Gene Expression Profile in Patients with Axial Spondyloarthritis: Meta-analysis of Publicly Accessible Microarray Datasets.
10.4078/jrd.2016.23.6.363
- Author:
Robin PARK
1
;
Tae Hwan KIM
;
Jong Dae JI
Author Information
1. Division of Rheumatology, Department of Internal Medicine, Korea University College of Medicine, Seoul, Korea. jjdjmesy@korea.ac.kr
- Publication Type:Meta-Analysis ; Original Article
- Keywords:
Axial spondyloarthritis;
Ankylosing spondylitis;
Microarray;
Network analysis
- MeSH:
Dataset*;
Gene Expression*;
Genes, vif;
Hand;
Humans;
Interleukin-17;
Interleukin-7;
Osteoclasts;
Receptors, Antigen, T-Cell;
Spondylitis;
Spondylitis, Ankylosing;
Synovial Membrane;
Toll-Like Receptors;
Transcriptome*;
Transducers
- From:Journal of Rheumatic Diseases
2016;23(6):363-372
- CountryRepublic of Korea
- Language:English
-
Abstract:
OBJECTIVE: To identify a gene expression signature in axial spondyloarthritis/ankylosing spondylitis (SpA/AS) and genomic pathways likely to be involved in pathogenesis of SpA/AS patients.

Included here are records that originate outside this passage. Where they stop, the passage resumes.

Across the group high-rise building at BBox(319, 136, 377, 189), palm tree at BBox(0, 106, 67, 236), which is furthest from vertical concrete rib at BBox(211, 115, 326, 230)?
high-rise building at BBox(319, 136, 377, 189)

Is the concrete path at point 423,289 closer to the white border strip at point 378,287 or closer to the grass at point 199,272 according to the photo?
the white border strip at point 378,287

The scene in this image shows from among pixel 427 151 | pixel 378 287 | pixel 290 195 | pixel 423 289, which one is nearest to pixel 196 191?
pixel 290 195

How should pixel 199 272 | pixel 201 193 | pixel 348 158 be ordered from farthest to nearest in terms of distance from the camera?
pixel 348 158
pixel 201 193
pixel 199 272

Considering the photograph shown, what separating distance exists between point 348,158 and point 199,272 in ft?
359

METHODS: Four publicly accessible microarray studies from SpA/AS patients were integrated, and a transcriptomic and network-based meta-analysis was performed. This meta-analysis was compared with a published microarray study in whole blood of AS patients. RESULTS: According to our meta-analysis, 1,798 genes were differentially expressed in the whole blood of SpA/AS patients compared to healthy controls, while 674 genes were differentially expressed in the synovium of SpA/AS patients compared to healthy controls. When the whole blood meta-analysis data was compared with a published microarray study that also analyzed whole blood in SpA/AS patients, pathways involved in Toll-like receptor signaling, osteoclast differentiation, T cell receptor signaling and janus kinase–signal transducer and activator of transcription (Jak-STAT) signaling were often enriched in SpA/AS. On the other hand, eomesodermin, RUNX3, and interleukin-7 receptor (IL7R) were usually decreased in SpA/AS patients, suggesting that deficiency of these genes contributes to increased IL-17 production in AS. CONCLUSION: Several common enrichment pathways including Toll-like receptor signaling pathway, osteoclast differentiation, T cell receptor signaling pathway and Jak-STAT signaling pathway were identified in the differentially expressed genes of whole blood and synovium from SpA/AS patients, suggesting that these pathways are involved in the pathogenesis of SpA/AS.